On Thursday, Google Cloud announced many improvements to the platform’s AI-powered speech tools.
Google Cloud took the decision to update its Text-to-Speech products by providing additional voices and languages to it, including beta support for new languages or variants, including Danish, Norwegian Bokmål, Polish, Portuguese/Portugal, Russian, Slovakian, and Ukrainian, making the product support a total of 21 languages as of now.
Moreover, the product now supports a total of 106 voices after adding 31 new WaveNet voices and 24 new standard voices. This makes Amazon Web Services’ Polly, which supports a total of 58 voices, the primary competition for Google’s Text-to-Speech services.
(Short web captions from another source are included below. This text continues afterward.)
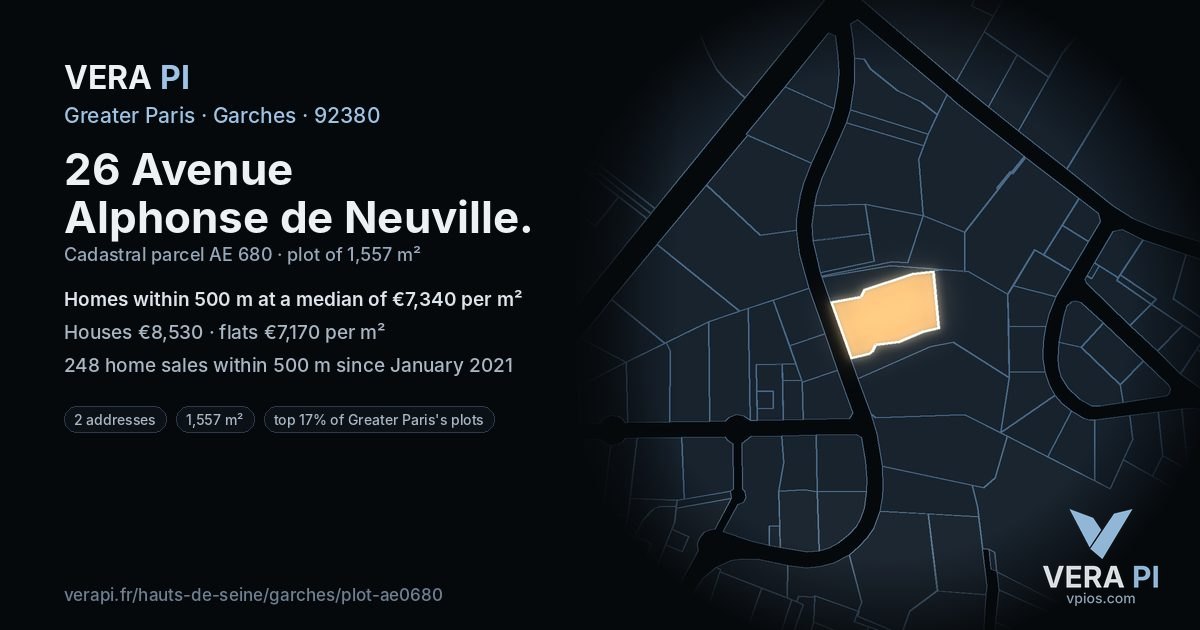 26 Avenue Alphonse de Neuville, Garches at night – the plot lit, the parcels around coloured by the prices near them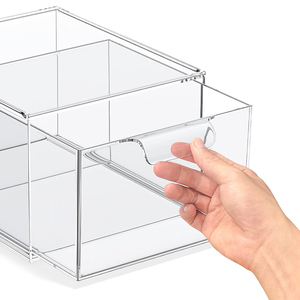 Tiroirs empilables transparents d'organisateur <span class=keywords><strong>de</strong></span> <span class=keywords><strong>maquillage</strong></span> <span class=keywords><strong>de</strong></span> boîte <span class=keywords><strong>de</strong></span> <span class=keywords><strong>rangement</strong></span> <span class=keywords><strong>de</strong></span> cosmétiques en plastique avec des poignées <span class=keywords><strong>de</strong></span> traction pour la vanité - Product Image 4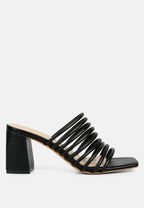  Fairleigh Black Strappy Slip On Sandals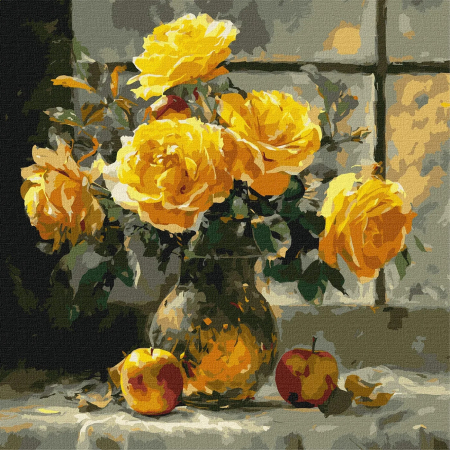 Picturi pe numere dimensiuni mici și medii – ușor de realizat, perfecte pentru orice spațiu - Set pictura pe numere, cu sasiu, Tandrete de petale, 40x40 cm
Thanks to unique access to WaveNet technology powered by Google Cloud TPUs, we can build new voices and languages faster and easier than is typical in the industry. – Dan Aharon, Google product manager
To help users enhance audio playback on various hardware, like headphones for podcasts, Google Cloud’s latest update includes the general availability of Google’s Text-to-Speech Device Profiles feature.
Google Cloud also improved its speech-to-Text transcription tools’ general availability and quality.
It announced the general availability of multi-channel recognition enabling Speech-to-Text API distinction between multiple audio channels, which would come in handy in situations involving multiple people.
Last year, Google produced beta-accessible premium models for video and enhanced phone, which are now generally available. Data logging for premium-services customers in order to share usage data was made use of by Google to improve its video and phone models.
Google announced the improved video model to have 64 percent fewer transcription errors and the phone model to have 62 percent fewer errors.
Prices for the premium phone and video models have been slashed. The upgraded phone and video models can be used without opting for data logging, but opting for data logging would cost customers less for the products.
Through these updates, developers would benefit in building intelligent voice applications that can reach a wider audience along with providing greater efficiency and functionality.